The final file that's important to review is are the changes to the pipeline class located in pipeline.py:

  1. The VAP class inherits from tsdat.TransformationPipeline instead of tsdat.IngestPipeline.
  2. The tsdat.TransformationPipeline class allows the user to plug-in a new code hook: hook_customize_input_datasets, which allows the user to alter datasets retrieved from the ingest pipeline. The input/return here is a dictionary of datasets that are labeled based on their individual datastreams and "begin"/"end" timestamps. The other three hooks have not changed.
pipelines/vap_gps/pipeline.py
from typing import Dict
import tsdat
import xarray as xr


class VapGPS(tsdat.TransformationPipeline):

    def hook_customize_input_datasets(self, input_datasets: Dict[str, xr.Dataset]) -> Dict[str, xr.Dataset]:
        # Code hook to customize any input datasets prior to datastreams being combined
        # and data converters being run.
        return input_datasets

    def hook_customize_dataset(self, dataset: xr.Dataset) -> xr.Dataset:
        # (Optional) Use this hook to modify the dataset before qc is applied
        return dataset

    def hook_finalize_dataset(self, dataset: xr.Dataset) -> xr.Dataset:
        # (Optional) Use this hook to modify the dataset after qc is applied
        # but before it gets saved to the storage area
        return dataset

    def hook_plot_dataset(self, dataset: xr.Dataset) -> None:
        # (Optional, recommended) Create plots.
        pass

Closing thoughts on vap_gps#

With the information contained in the above sections, you can create most VAP pipelines. The rest of this tutorial reviews the other two VAPs in this repository, as well as a number of features/idiosyncrasies you might need to know for your own particular use case. These are listed as the following:

  • Creating a VAP dataset using the time coordinate from an ingest dataset
  • Adding new coordinates to a VAP dataset
  • Conducting analyses beyond that of bin-averaging, nearest neighbor, and interpolation
  • A VAP example that fetches multiple datastreams

VAP Pipeline using "Non-typical" Analysis#

The vap_wave_raw pipeline takes the buoy's surge, sway, and heave measurements, conducts spectral analysis, and estimates wave statistics. Spectral analysis is common in the field of fluid mechanics, but this pipeline will be instructive for any analysis that results in new timestamps. The following pipeline, vap_wave_stats, will be more helpful for users who don't need complex analysis.

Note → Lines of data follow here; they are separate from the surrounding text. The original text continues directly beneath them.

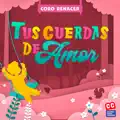 Tus Cuerdas De Amor
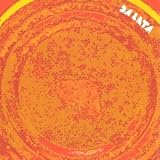 Songs From the Tin [12 inch Analog] 画像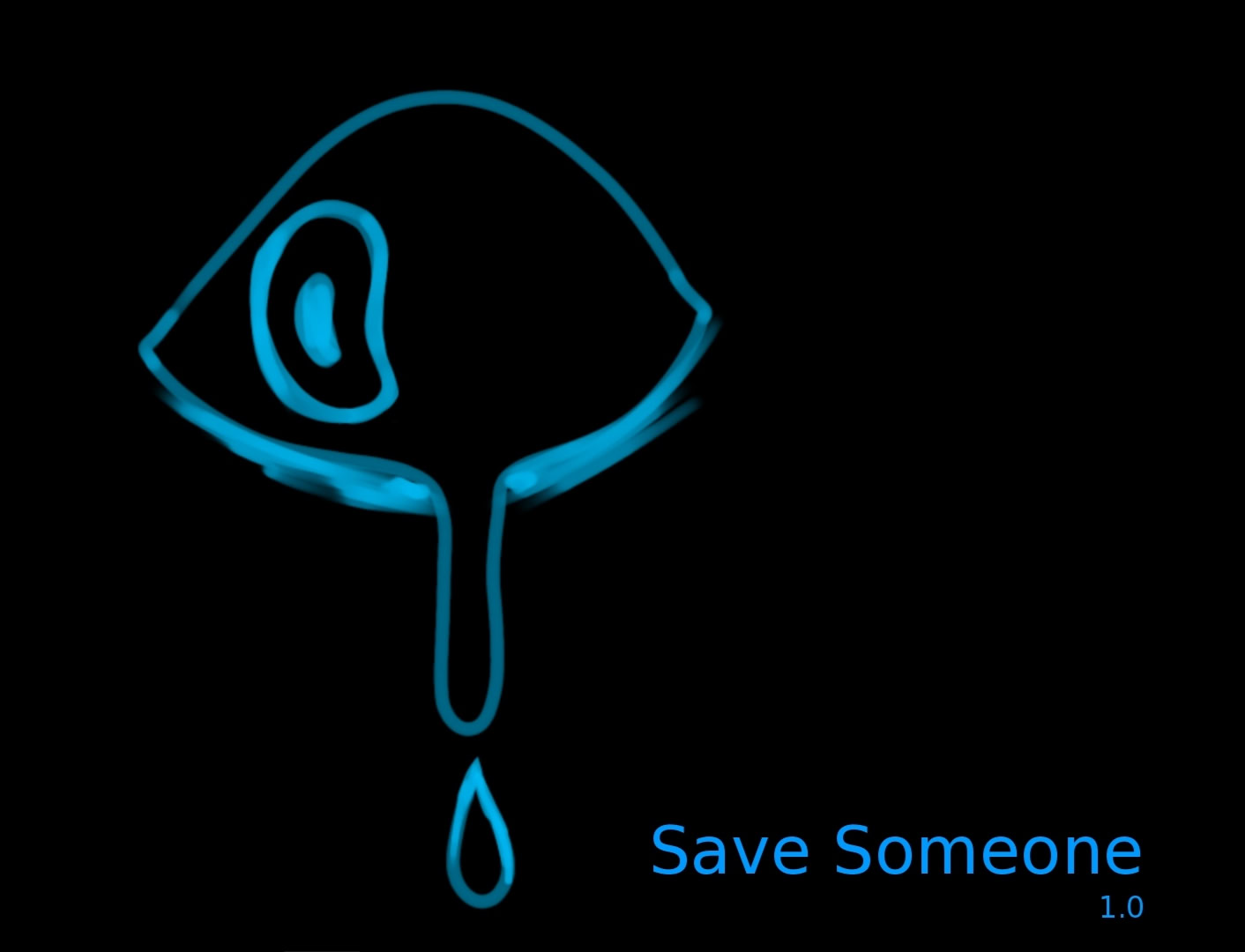 Save Someone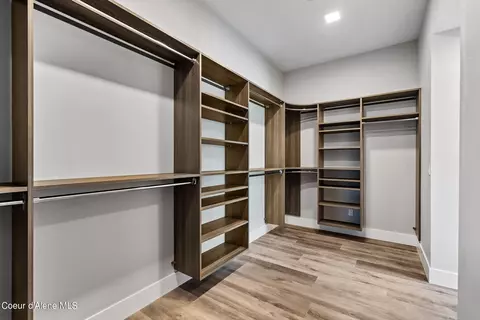 Other - 802 Sandpoint Ave # 8202 & 8201, Sandpoint, ID 83864 photo 6 of 37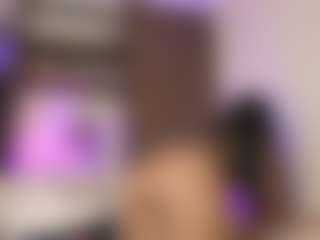 almacastillo's Live Sex Cam Show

Configuration Files (vap_wave_raw)#

Configuration file updates

We'll begin by setting up the pipeline's retriever configuration file. We'll use the same time_padding as before, and include variables we want to pull from the ingest "pos" datastream output (time, x, y, and z). Instead of creating a new time grid, we can simply retrieve time like any other variable.

Notice we add a 2nd coordinate here that we will use later that does not exist in the ingest pipeline: frequency. This coordinate will be generated in our pipeline hook, but Tsdat requires that new coordinates are pulled through the retriever, unlike data variables that can be introduced in the dataset configuration.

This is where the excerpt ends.